* DATA RECORDS:
§ §

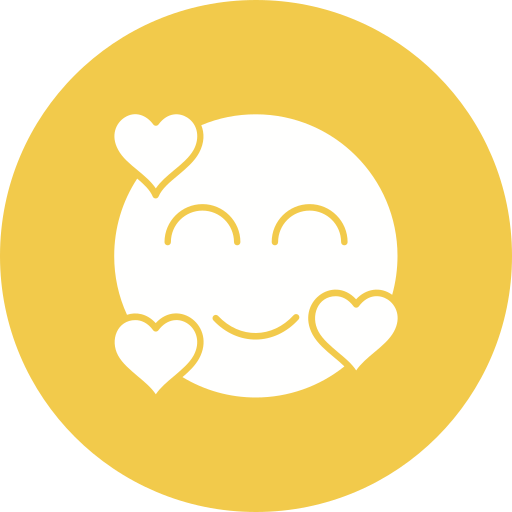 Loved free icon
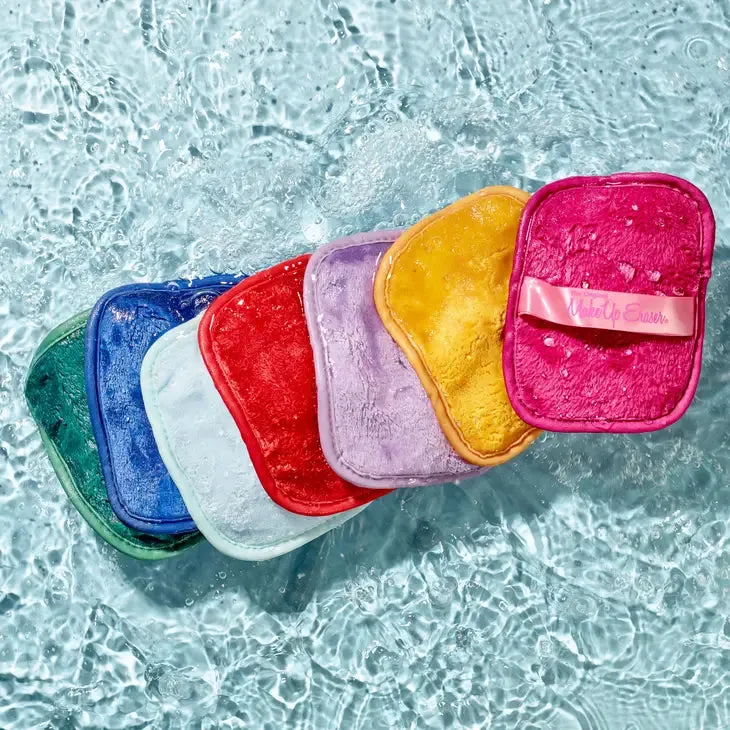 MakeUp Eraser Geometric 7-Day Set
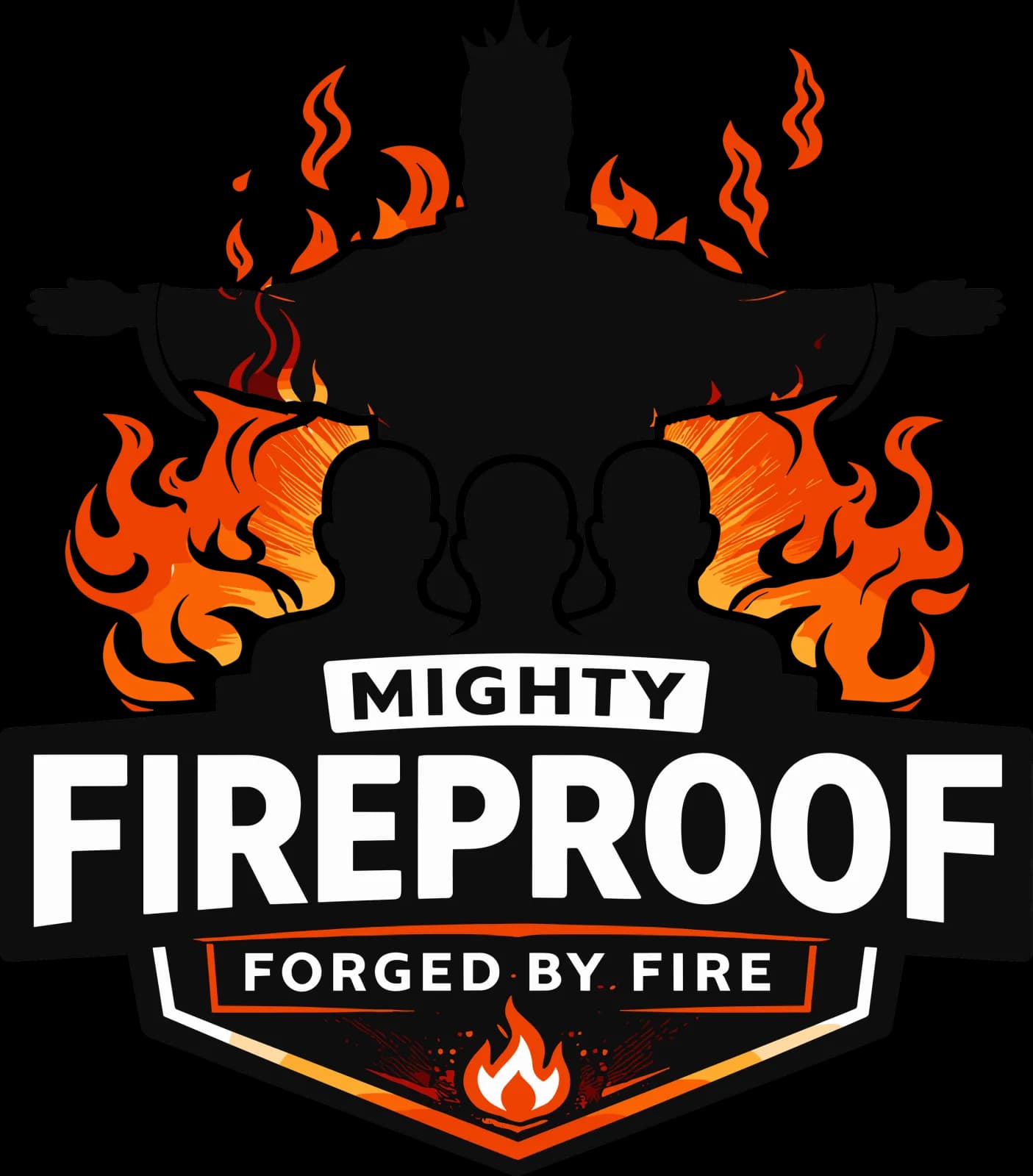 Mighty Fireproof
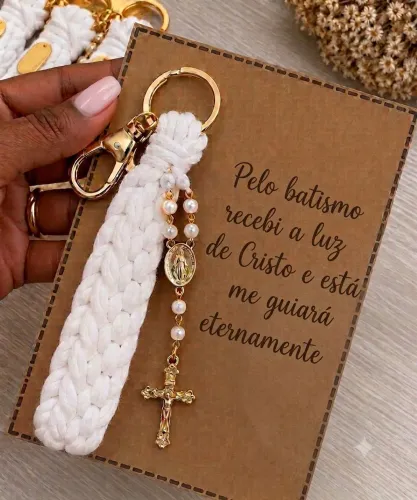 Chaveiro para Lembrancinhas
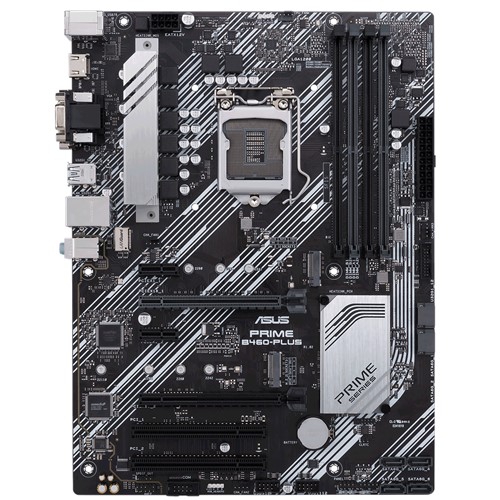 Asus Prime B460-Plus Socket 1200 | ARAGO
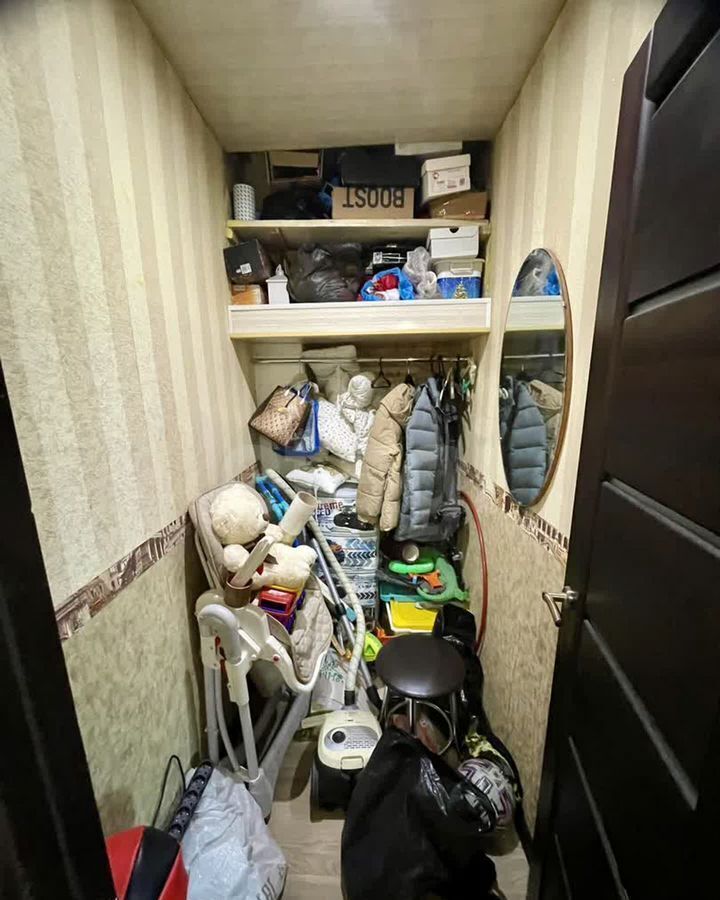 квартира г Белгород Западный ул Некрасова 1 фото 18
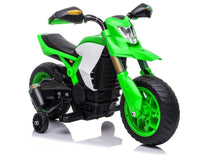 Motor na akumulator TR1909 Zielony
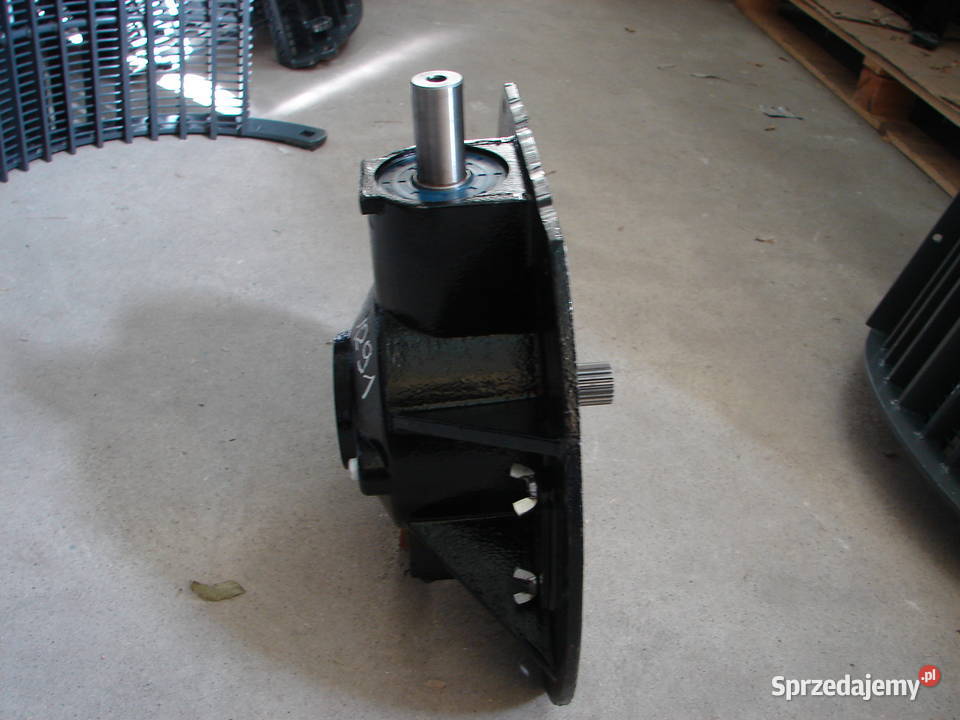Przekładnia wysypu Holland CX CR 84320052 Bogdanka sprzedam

§ §

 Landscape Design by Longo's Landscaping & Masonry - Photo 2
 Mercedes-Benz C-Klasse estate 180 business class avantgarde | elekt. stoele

§ §

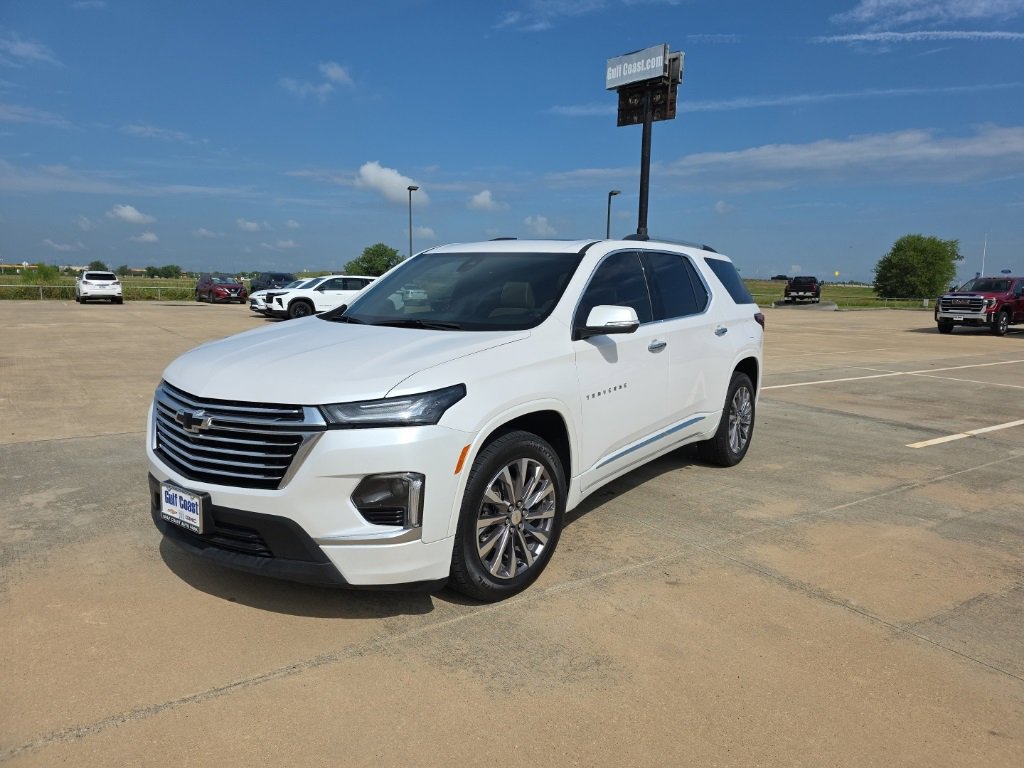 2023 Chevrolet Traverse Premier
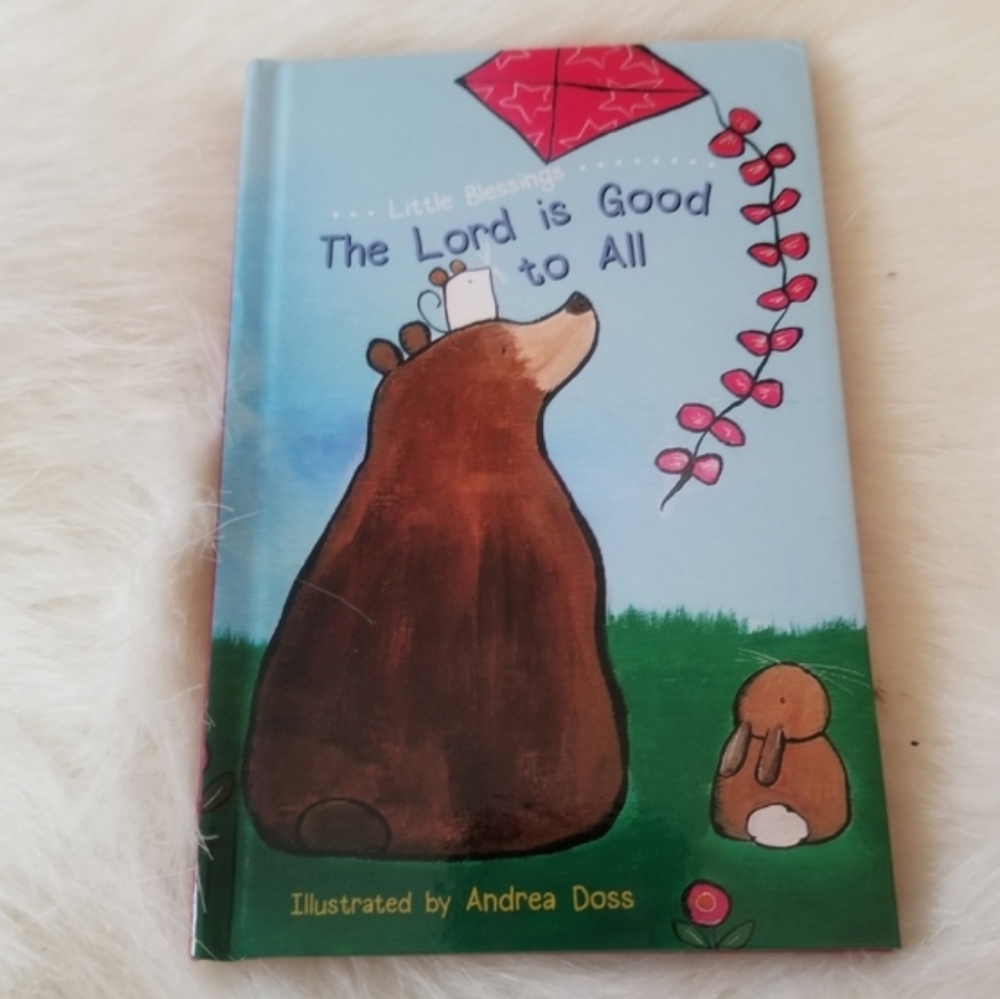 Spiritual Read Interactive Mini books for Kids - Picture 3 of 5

§ §

* BRIEF:
Within the entries above, the lines from the one containing "Loved free icon" through the one containing "Przekładnia wysypu Holland" are to be transcribed exactly, ends included, pictures excluded.

* ANSWER AREA:
 Loved free icon
 MakeUp Eraser Geometric 7-Day Set
 Mighty Fireproof
 Chaveiro para Lembrancinhas
 Asus Prime B460-Plus Socket 1200 | ARAGO
 квартира г Белгород Западный ул Некрасова 1 фото 18
 Motor na akumulator TR1909 Zielony
Przekładnia wysypu Holland CX CR 84320052 Bogdanka sprzedam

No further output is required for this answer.